Um jornal é um fogo, ou pelo menos deveria ser. Ou seja, deve ser um processo que transforma as ideias que tomam forma em contacto com a realidade, com as notícias, ideias que se tornam reflexões e narrações que são oferecidas aos leitores; na qualidade dos nossos artigos há aquele calor e energia que, ardendo, damos ao ambiente no qual nos difundimos. Se a nossa redação arder com um fogo bom e vivo, então o calor e a energia serão saudáveis e ajudarão a regenerar as pessoas que nos lerem. Desde aquela noite em que o homem descobriu o fogo, os homens acostumaram-se a reunir-se à volta das chamas que iluminavam a noite escura, aqueciam o ambiente frio, cozinhavam os alimentos. E ao reunir-se começavam a sentar-se à volta da fogueira e a contar, a narrar-se. Estes são os votos que, no momento no qual todas as tardes enviamos o jornal ao prelo, acompanham a circulação deste jornal único, “singularíssimo” como Giovanni Battista Montini o definiu no centenário, a 1 de julho de 1961: alcançar o mundo inteiro com uma palavra que é deveras “fogo”, por vezes ardente e pungente, mas sempre de encorajamento e confiança, de acompanhamento e esperança.
E hoje a palavra que, nesta passagem dos 160 anos, queremos difundir através do nosso jornal, é fraternidade. Não inventamos nada: foi a primeira palavra pronunciada pelo Papa Francisco na noite de 13 de março de 2013, e é a que sustenta, juntamente com outra, a misericórdia, todo o arco destes oito anos do pontificado. A 4 de outubro publicámos, no dia em que o jornal voltou a ser impresso com o novo formato e layout, o texto da encíclica Fratelli tutti. É um texto vigoroso que desperta a consciência de um mundo ainda adormecido, apanhado de surpresa e deixado sem palavras pelo trágico e violento surto da pandemia. Ao mundo estupefacto, o Papa propõe uma palavra: fraternidade. Podemos permanecer humanos se nos redescobrirmos irmãos. Não é tanto uma questão de o querer, mas de o reconhecer. E nisto o mundo da comunicação pode desempenhar um papel importante e decisivo. Se, no entanto, optar por inaugurar uma época de jornalismo de fraternidade: onde ser jornalista não é um exercício de poder mas um serviço, um serviço a ser oferecido ao outro irmão tal como ele é, na sua realidade. Contando a sua história a fim de construir uma ponte, tentando criar as condições para uma possível aliança, sem ao contrário procurar exacerbar as razões de separação e alimentar a oposição. Para o fazer, temos de abandonar a tentação da ideologia, sempre rastejante, que conduz ao resultado de submeter a realidade aos nossos preconceitos e por fim aos nossos interesses; para o fazer, temos de ser como diz o Papa «um jornal vivo, que nos ajuda; por esta razão não pode ser de laboratório nem de escrivaninha. Deve ser de rua, para enfrentar a vida e a vida enfrenta-se como é, não como eu gostaria que fosse».
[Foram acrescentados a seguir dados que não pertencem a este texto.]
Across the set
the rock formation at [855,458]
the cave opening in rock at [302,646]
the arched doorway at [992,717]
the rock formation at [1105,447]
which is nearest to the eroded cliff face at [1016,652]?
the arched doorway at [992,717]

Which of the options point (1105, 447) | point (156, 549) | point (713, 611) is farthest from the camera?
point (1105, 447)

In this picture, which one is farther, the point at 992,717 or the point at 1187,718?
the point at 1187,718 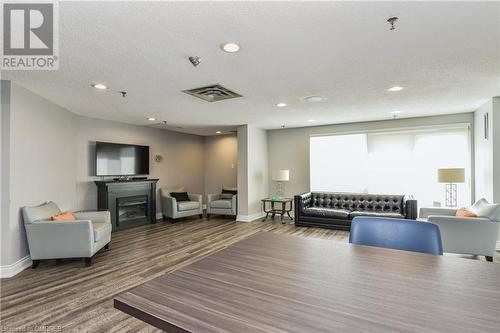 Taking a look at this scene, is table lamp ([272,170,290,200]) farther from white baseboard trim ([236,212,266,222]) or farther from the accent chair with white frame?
the accent chair with white frame

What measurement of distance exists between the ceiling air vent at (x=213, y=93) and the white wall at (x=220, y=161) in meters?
3.69

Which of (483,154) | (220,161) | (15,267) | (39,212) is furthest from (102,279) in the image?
(483,154)

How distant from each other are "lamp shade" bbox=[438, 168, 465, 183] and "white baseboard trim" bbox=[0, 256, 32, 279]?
635 centimetres

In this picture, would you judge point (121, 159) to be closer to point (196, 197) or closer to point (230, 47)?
point (196, 197)

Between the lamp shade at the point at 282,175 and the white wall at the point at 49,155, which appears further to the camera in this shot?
the lamp shade at the point at 282,175

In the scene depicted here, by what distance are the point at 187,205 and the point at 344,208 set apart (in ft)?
11.9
O Papa disse-nos que já somos um jornal vivo, encorajados pelas suas palavras, com as inserções especiais que hoje inauguramos pelos 160 anos de vida de L’Osservatore Romano, queremos contagiar o mundo inteiro com a nossa vitalidade e por isso pedimos aos diretores de importantes jornais italianos e estrangeiros que se interessem e reflitam connosco sobre como o jornalismo deve ser adaptado ao desafio da época na qual vivemos, “uma época de mudança” como Francisco repetiu muitas vezes, o que exige por conseguinte um serviço que esteja à altura desse desafio. Estamos aqui, jovens de 160 anos, estamos vivos e com espírito cheio de gratidão olhamos em frente, na certeza de que o futuro é melhor do que todos os nossos passados.